INFORMATION SHOWN:
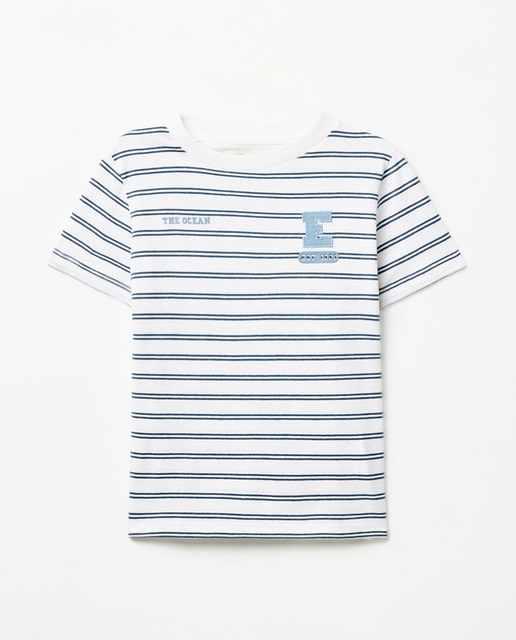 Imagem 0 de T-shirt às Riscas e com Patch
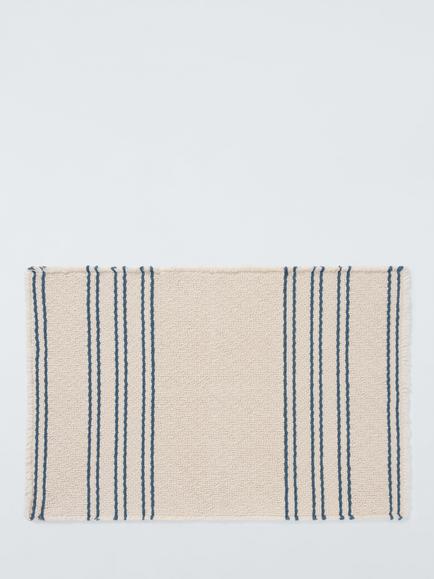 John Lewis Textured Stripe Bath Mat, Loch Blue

==

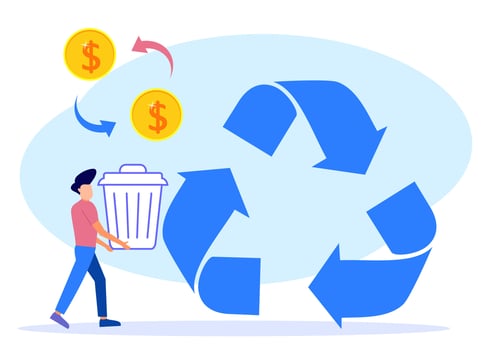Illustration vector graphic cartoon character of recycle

--

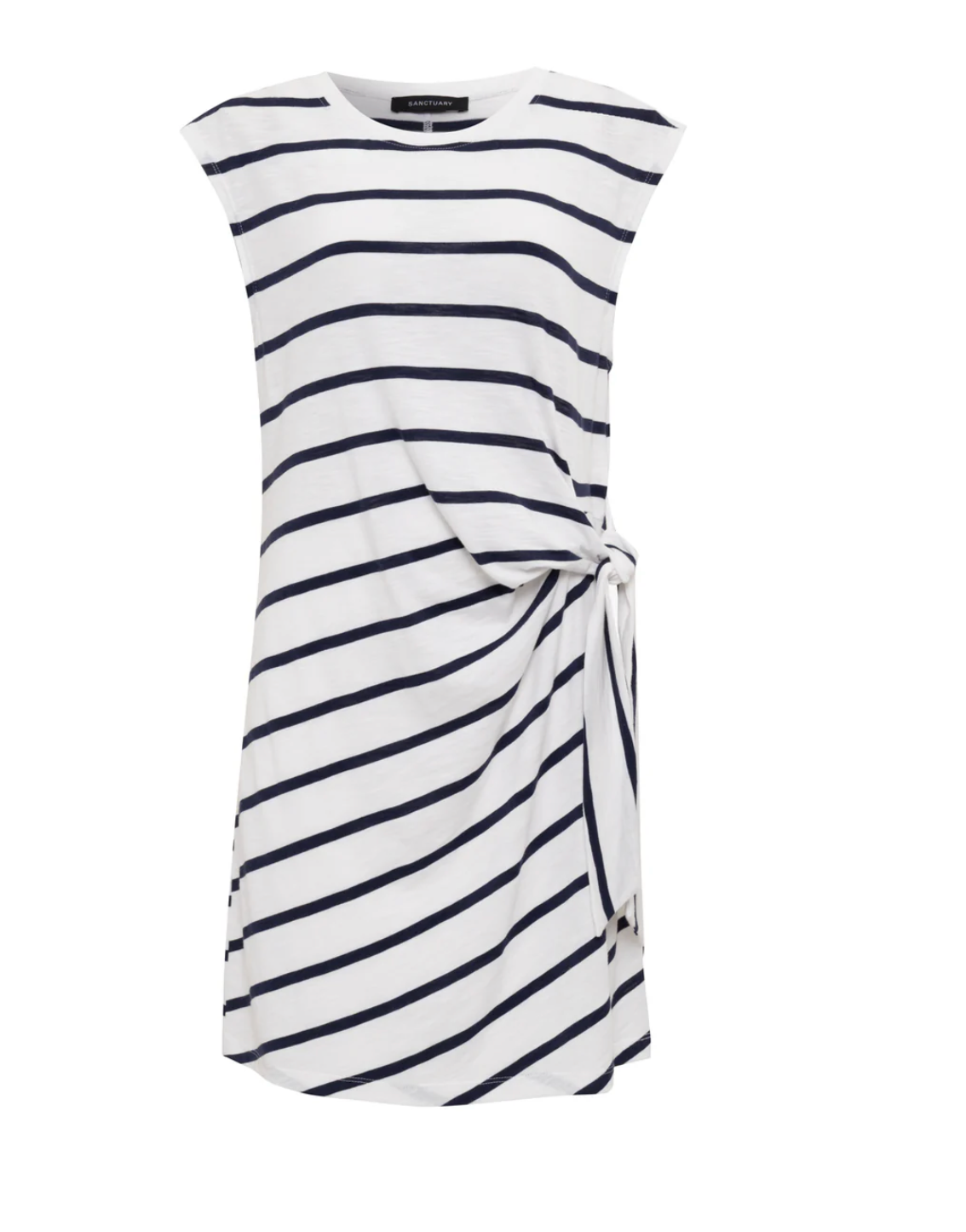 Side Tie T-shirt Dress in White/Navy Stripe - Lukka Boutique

WHAT THE TASK REQUIRES:
Go to the line above holding "Imagem 0 de T-shirt às Riscas e com Patch", then copy exactly each line down to and including the one holding "John Lewis Textured", leaving pictures out.

EXERCISE OUTPUT:
 Imagem 0 de T-shirt às Riscas e com Patch
 John Lewis Textured Stripe Bath Mat, Loch Blue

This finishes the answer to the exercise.